The practical value of Monte Carlo tools is essentially nil if an advisor or individual investor must generate a projection for the average return and standard deviation in return of a portfolio of real assets (stocks, mutual funds, and ETF’s) and then provide these as inputs to the Monte Carlo model—along with the additional input statistics for capturing the correlations between these assets. The potential variation in the estimates for these inputs typically far exceed the importance of the other input or modeling assumptions. To discuss the range of possible outputs from Monte Carlo models without addressing the core problem of where the input assumptions about future asset performance come from is, in my opinion, of limited value. For Monte Carlo models to have value for practical financial planning applications, they must be able to take a real portfolio of assets as input and generate reasonable projections of the future risk and return for the total portfolio.

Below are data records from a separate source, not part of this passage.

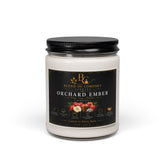 Orchard Ember Scented Soy Candle — 9oz Autumn Apple & Warm Ember Fragrance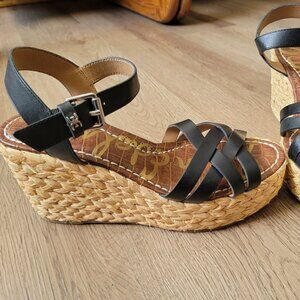 Sam Edelman Darlene Leather Wedge Heels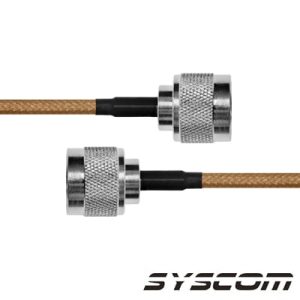 cable coaxial rg 142/u de 60 cm. para 50 ohm, con conectores n macho a n macho.
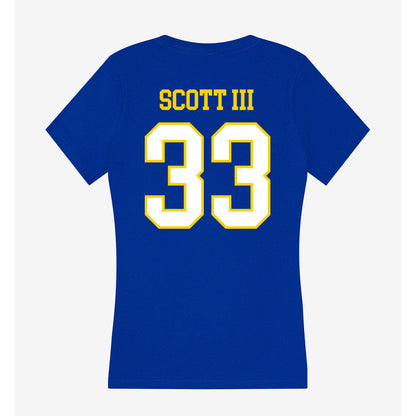 Delaware - NCAA Football : Trace Scott III - Women's V-Neck T-Shirt-1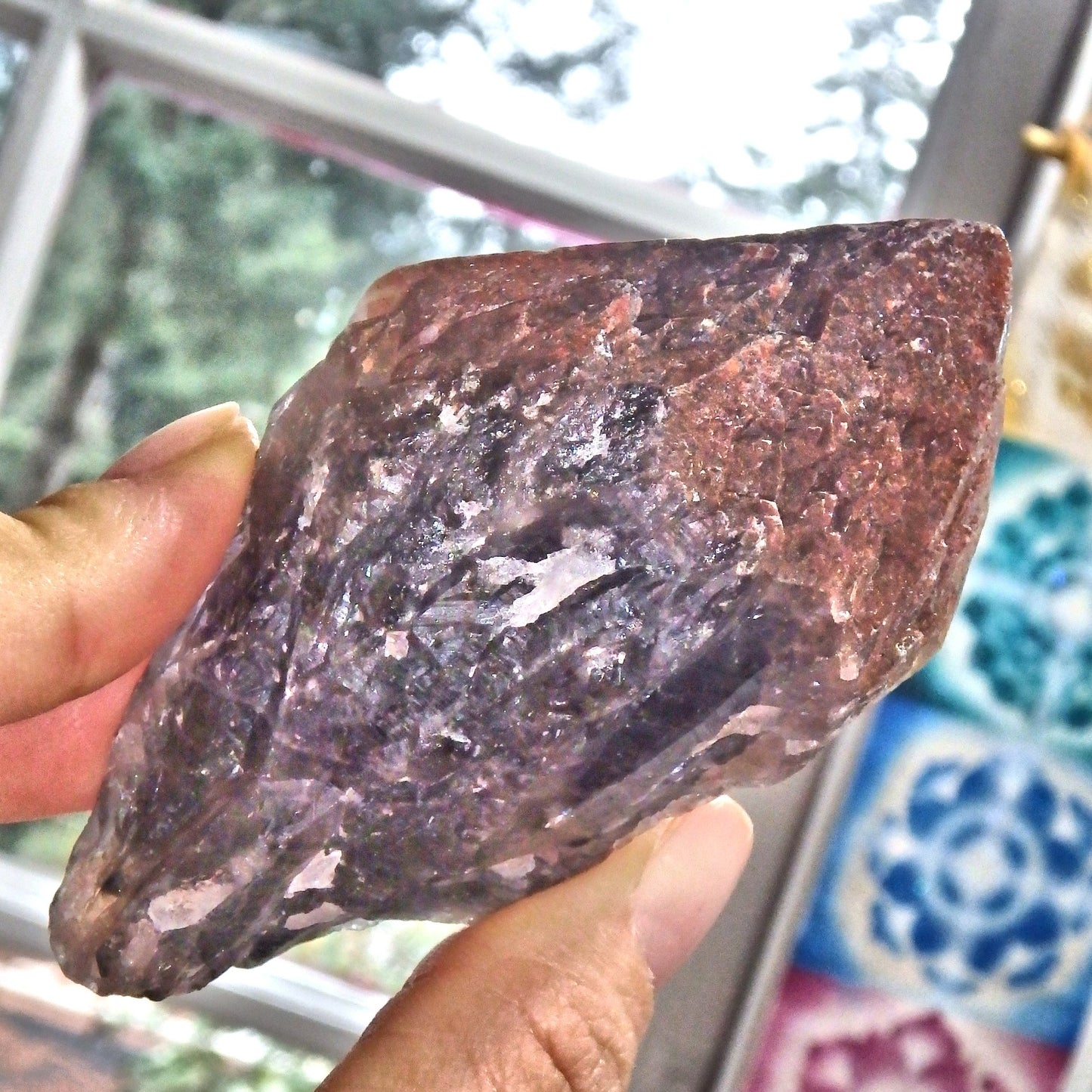 Ice Cream Cone Shape Red Amethyst Point With Record Keepers From Brazil
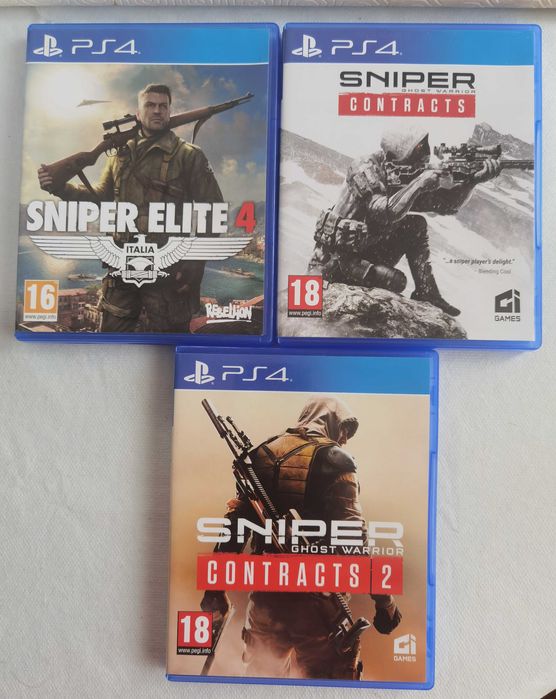 Lote snipers - ps4 (como novos)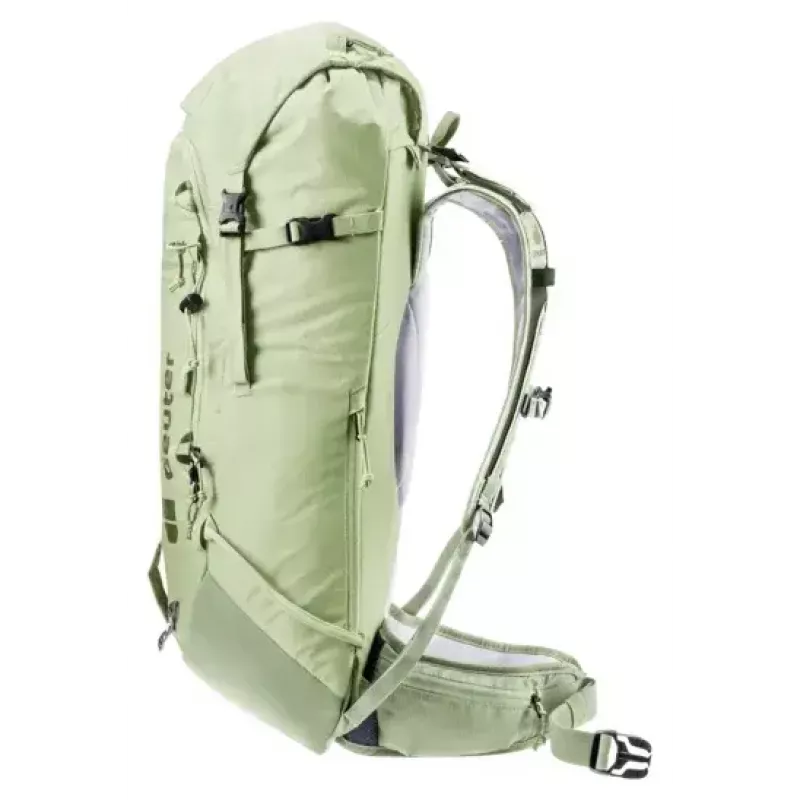 Mochila de esquí de travesía sin armazón Deuter Freescape Lite 24 L, Limone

To be fair, authors of the article cited at the start of this paper did not intend to address the issue of where the inputs come from. Indeed, they are mainly saying that multiple Monte Carlo models, given exactly the same inputs, should generally provide very similar outputs. This is not unreasonable. Any analytical models that are to be used for something as important as financial planning must be testable. That said, aside from uncovering coding errors, such tests are ultimately not terribly helpful to an advisor or individual investor who wants to use Monte Carlo tools for portfolio planning. My point is that for Monte Carlo models to be useful, you must go far beyond this type of test and deal with the combination of the underlying simulation and the input values for simulating a portfolio of real assets. Monte Carlo models are not useful for the vast majority of investors or their advisors unless the models generate their own parameters and can be used to simulate portfolios of real assets without the potential users needing a Ph.D. in finance to run them.